Jukebox Elly provides variety of genres for its fans | Music Notes

Jukebox Elly. Courtesy photo.
Jukebox Elly. Courtesy photo.

Though the image of the iconic jukebox, with its pushbuttons and 45 rpm vinyl singles stacked neatly in a row, is firmly ingrained in the American psyche, an actual working jukebox is almost impossible to find. Then came the CD Jukeboxes (all vanished), followed by hi-tech digital jukeboxes, which, like its predecessors is also becoming a dinosaur as honky tonks opt for satellite music services.

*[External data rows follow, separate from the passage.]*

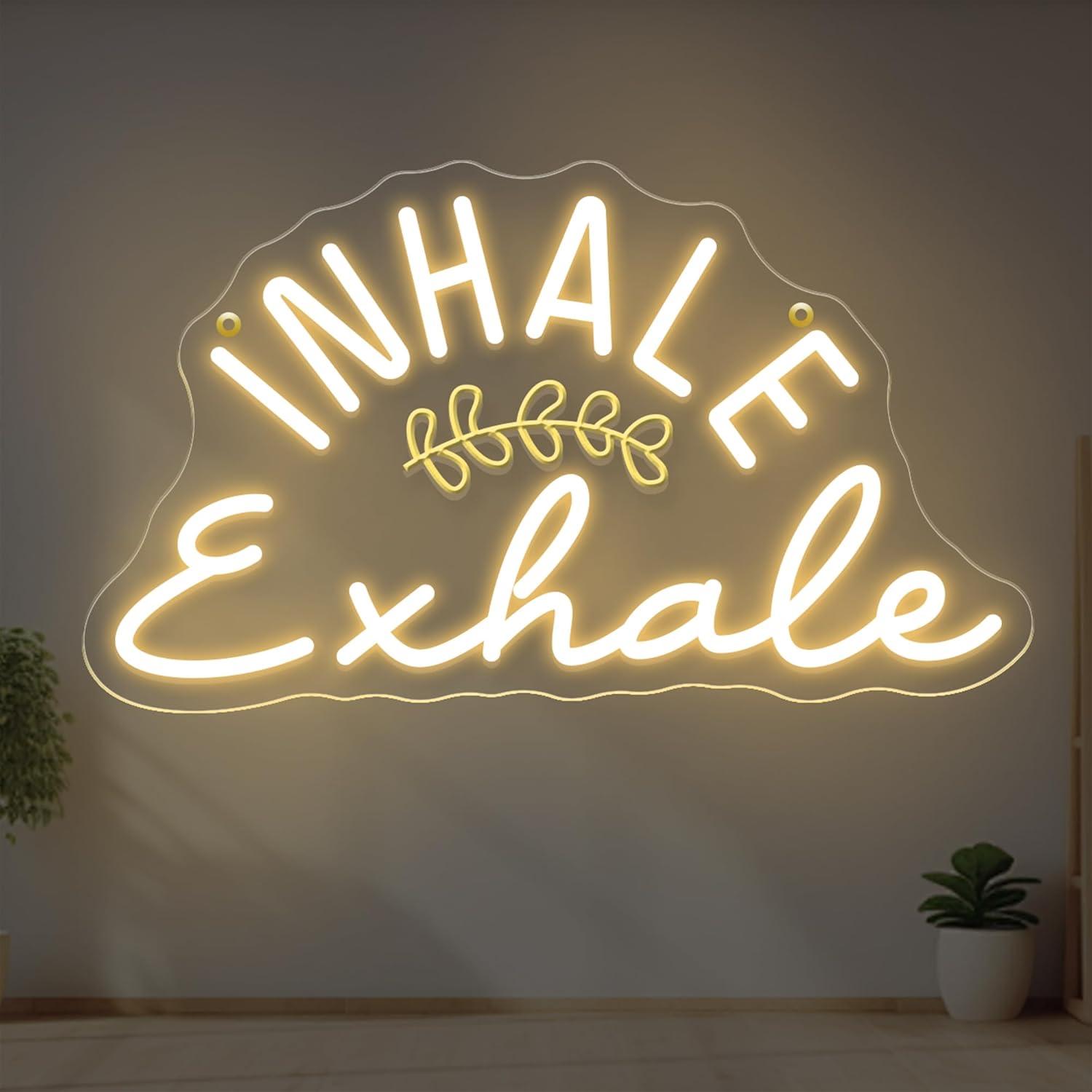 Enseigne néon LED dimmable « I - Pilates Yoga Wellness avis et prix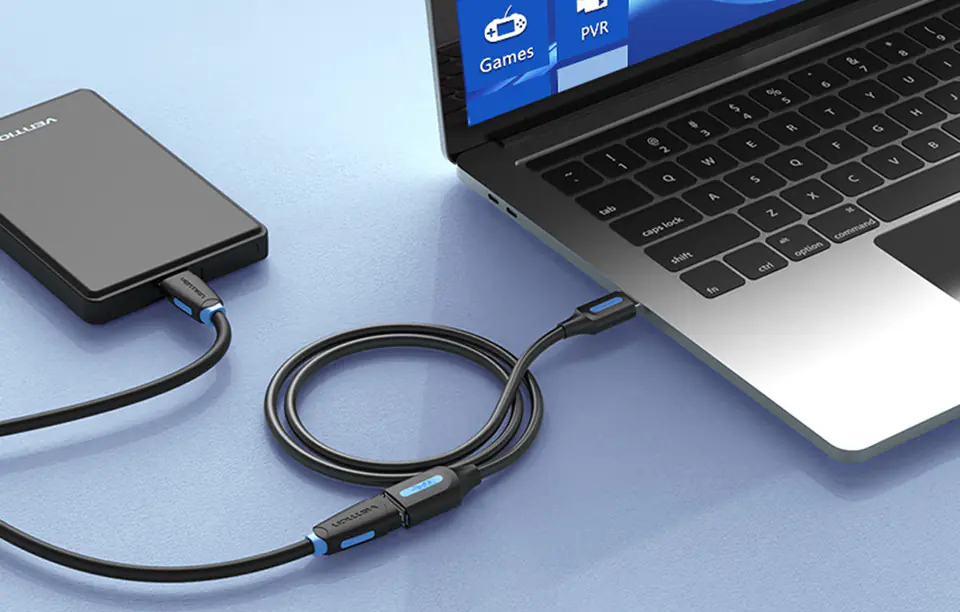 Kabel przedłużający USB 3.0 męski do żeński Vention CBHBF 1m (czarny)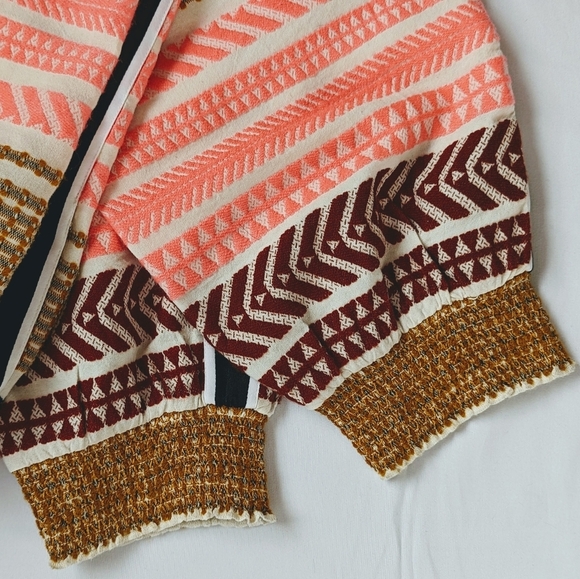 alice + olivia Courtney Pants Jogger Embroidered Cotton High Waist Multi M NWT - Picture 14 of 16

So what’s a pop music fan whose tastes range from current dance hits, to alternative rock, classic country, and everything in between to do? Consider catching a show from local trio Jukebox Elly, a band unafraid to perform their own versions of almost anything.

In an evolution of major proportions, the only original Elly is Sean Johansen (guitar/keys/vocals), who co-founded the band in 2011 with a few local musicians, one who drove a Honda Element, thus the “Elly” of its name. Justin Jordan (guitar/vocals) joined the band in 2013, and Austin Perry (drums) joined late last year, replacing Ty Potter.

The lean, but creative and dynamic trio fills the room with a full sound through some hi-tech wizardry, including Jordan’s splitter, which takes his live bass guitar signal, sends one line to a bass amp, and another line through a octave pedal, raising its pitch, mimicking a rhythm and lead guitar. Drummer Perry plays an acoustic drum kit, and also a Roland OCTAPAD, which triggers hand-claps, and other effects commonly heard in highly produced recordings, but rarely heard in a live settings.

The band performs about three times per week, including May 28 at Creek Ratz and June 3 at Bubba’s Love Shack, but both Jordan and Johansen also perform acoustic duos and solos and maintain “day gigs.”

“Our set list goes back to the 60s, but we have a lot of current material, and party-friendly, dance stuff, too,” said Jordan. Johansen says the band has moved away from its original nearly all alternative set list to include some “throwback” country music. “We steer clear of most new country,” he said. “So often their voices are grating, and the content of the songs is also usually pretty bad. But we like country music, we just stick with the classics up through and into the 90s.”

Otherwise to stay true to the Jukebox metaphor, the band plays a diverse set list including hits from: Matchbox 20, Meghan Trainor, Tom Petty, Pearl Jam, Guns ‘N Roses, Weezer, Michael Jackson, The Beatles, Van Morrison, Backstreet Boys, Foo Fighters, Vertical Horizon and many more. See for yourself at

“We’re just trying to entertain people,” said Johansen. Jordan concurs chastising bands that insist on plying music they like, as opposed to be willing to please the crowd. “Some bands say ‘We only play music we like.’ We’d rather play songs that the crowd likes.”